Start of Block

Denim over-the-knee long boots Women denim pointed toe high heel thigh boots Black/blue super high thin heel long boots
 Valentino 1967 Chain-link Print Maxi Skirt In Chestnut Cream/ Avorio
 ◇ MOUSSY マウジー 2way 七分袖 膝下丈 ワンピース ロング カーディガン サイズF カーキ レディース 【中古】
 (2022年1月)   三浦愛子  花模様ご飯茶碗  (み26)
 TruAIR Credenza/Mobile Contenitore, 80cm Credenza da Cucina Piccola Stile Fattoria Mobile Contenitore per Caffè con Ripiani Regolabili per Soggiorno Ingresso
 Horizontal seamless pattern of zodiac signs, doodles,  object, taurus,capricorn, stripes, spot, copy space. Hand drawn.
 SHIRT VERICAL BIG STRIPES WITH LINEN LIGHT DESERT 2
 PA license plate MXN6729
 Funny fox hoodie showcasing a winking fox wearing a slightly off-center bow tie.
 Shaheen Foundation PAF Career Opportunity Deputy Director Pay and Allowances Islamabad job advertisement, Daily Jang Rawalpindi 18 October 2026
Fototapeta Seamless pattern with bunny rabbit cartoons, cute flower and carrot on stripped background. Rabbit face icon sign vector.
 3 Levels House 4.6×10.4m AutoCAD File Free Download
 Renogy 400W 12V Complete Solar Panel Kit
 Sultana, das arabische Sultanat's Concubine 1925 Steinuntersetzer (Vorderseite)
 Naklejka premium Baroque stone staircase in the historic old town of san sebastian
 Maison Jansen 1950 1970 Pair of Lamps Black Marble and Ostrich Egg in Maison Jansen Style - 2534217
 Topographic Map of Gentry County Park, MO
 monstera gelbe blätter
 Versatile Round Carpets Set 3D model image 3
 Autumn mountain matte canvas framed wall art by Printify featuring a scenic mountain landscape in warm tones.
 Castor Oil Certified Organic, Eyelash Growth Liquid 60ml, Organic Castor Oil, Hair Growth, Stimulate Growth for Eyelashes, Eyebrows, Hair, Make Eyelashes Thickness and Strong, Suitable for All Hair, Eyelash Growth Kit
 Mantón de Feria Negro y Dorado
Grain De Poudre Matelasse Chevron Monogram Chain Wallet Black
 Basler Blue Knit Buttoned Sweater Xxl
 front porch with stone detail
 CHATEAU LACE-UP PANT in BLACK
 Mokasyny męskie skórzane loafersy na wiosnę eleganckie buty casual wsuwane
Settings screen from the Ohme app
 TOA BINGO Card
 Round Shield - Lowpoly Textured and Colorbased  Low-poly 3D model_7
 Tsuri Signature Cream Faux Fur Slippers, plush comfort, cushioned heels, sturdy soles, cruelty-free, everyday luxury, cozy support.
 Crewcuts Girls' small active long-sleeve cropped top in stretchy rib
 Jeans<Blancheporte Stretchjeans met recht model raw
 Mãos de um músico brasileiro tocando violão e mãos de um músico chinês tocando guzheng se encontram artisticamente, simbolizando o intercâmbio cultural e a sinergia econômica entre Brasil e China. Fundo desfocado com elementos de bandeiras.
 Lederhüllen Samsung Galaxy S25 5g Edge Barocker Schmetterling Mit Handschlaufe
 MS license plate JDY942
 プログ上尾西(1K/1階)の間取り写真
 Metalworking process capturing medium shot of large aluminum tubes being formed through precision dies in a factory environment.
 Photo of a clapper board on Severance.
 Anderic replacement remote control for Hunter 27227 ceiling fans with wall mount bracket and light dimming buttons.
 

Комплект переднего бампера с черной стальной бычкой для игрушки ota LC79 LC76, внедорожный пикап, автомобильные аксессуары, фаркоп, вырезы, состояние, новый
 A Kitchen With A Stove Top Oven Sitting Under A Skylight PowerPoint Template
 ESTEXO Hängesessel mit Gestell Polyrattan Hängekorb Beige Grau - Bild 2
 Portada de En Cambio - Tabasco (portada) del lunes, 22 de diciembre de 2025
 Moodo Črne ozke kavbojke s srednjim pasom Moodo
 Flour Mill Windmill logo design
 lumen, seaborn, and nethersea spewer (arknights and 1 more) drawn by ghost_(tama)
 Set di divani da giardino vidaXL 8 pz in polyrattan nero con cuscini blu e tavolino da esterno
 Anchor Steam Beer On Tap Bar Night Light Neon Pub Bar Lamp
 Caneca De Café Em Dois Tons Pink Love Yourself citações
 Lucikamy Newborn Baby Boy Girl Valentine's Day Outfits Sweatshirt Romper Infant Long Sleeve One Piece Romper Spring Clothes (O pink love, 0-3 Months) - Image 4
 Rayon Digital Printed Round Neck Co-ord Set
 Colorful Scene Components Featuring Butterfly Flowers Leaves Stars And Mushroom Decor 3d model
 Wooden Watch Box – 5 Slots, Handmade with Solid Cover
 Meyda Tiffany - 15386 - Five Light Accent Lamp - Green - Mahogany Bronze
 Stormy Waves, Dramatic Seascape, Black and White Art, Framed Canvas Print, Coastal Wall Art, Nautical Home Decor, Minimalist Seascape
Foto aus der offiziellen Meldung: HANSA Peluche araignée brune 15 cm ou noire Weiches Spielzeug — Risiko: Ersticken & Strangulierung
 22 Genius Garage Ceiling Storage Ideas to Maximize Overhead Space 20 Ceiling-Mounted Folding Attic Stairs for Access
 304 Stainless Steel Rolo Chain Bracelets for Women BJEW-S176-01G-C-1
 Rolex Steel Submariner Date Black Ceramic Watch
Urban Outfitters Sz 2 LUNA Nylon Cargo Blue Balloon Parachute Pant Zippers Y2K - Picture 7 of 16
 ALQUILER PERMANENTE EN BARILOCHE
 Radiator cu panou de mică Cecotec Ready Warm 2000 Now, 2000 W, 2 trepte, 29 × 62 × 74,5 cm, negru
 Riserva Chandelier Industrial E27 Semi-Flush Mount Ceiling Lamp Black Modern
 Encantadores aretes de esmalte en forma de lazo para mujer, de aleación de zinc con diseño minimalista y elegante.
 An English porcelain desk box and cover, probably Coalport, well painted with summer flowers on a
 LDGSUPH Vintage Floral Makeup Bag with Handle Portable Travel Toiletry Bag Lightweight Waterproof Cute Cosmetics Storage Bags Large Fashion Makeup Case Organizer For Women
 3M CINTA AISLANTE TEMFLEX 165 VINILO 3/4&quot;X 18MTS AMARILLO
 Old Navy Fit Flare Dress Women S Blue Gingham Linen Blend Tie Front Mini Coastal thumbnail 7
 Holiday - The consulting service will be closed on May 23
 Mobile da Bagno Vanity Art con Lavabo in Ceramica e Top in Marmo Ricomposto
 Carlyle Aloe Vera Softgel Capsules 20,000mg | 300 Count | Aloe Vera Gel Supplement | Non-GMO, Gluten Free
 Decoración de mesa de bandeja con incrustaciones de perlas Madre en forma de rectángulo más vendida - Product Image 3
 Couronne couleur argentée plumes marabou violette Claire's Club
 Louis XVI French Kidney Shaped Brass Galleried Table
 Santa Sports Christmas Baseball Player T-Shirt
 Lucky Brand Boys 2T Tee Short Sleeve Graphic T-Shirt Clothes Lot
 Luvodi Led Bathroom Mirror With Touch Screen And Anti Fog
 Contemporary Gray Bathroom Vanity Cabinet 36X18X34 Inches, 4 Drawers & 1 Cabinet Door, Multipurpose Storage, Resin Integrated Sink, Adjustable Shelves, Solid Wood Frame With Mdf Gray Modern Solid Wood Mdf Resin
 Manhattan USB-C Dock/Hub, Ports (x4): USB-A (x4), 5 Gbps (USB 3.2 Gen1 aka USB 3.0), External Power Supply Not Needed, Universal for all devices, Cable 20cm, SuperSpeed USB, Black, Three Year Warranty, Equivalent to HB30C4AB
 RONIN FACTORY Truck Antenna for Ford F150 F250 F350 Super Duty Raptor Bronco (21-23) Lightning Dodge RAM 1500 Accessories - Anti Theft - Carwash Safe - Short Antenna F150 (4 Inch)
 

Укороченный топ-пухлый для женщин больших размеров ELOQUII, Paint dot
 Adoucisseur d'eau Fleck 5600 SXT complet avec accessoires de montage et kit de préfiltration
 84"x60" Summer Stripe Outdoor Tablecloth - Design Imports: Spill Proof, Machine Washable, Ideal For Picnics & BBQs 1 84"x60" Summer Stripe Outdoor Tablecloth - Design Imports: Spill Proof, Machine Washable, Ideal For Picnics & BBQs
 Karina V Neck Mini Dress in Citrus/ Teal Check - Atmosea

End of Block

Your response should be the lines above from the first to the one containing "Sultana, das arabische", inclusive, each given exactly.

Denim over-the-knee long boots Women denim pointed toe high heel thigh boots Black/blue super high thin heel long boots
 Valentino 1967 Chain-link Print Maxi Skirt In Chestnut Cream/ Avorio
 ◇ MOUSSY マウジー 2way 七分袖 膝下丈 ワンピース ロング カーディガン サイズF カーキ レディース 【中古】
 (2022年1月)   三浦愛子  花模様ご飯茶碗  (み26)
 TruAIR Credenza/Mobile Contenitore, 80cm Credenza da Cucina Piccola Stile Fattoria Mobile Contenitore per Caffè con Ripiani Regolabili per Soggiorno Ingresso
 Horizontal seamless pattern of zodiac signs, doodles,  object, taurus,capricorn, stripes, spot, copy space. Hand drawn.
 SHIRT VERICAL BIG STRIPES WITH LINEN LIGHT DESERT 2
 PA license plate MXN6729
 Funny fox hoodie showcasing a winking fox wearing a slightly off-center bow tie.
 Shaheen Foundation PAF Career Opportunity Deputy Director Pay and Allowances Islamabad job advertisement, Daily Jang Rawalpindi 18 October 2026
Fototapeta Seamless pattern with bunny rabbit cartoons, cute flower and carrot on stripped background. Rabbit face icon sign vector.
 3 Levels House 4.6×10.4m AutoCAD File Free Download
 Renogy 400W 12V Complete Solar Panel Kit
 Sultana, das arabische Sultanat's Concubine 1925 Steinuntersetzer (Vorderseite)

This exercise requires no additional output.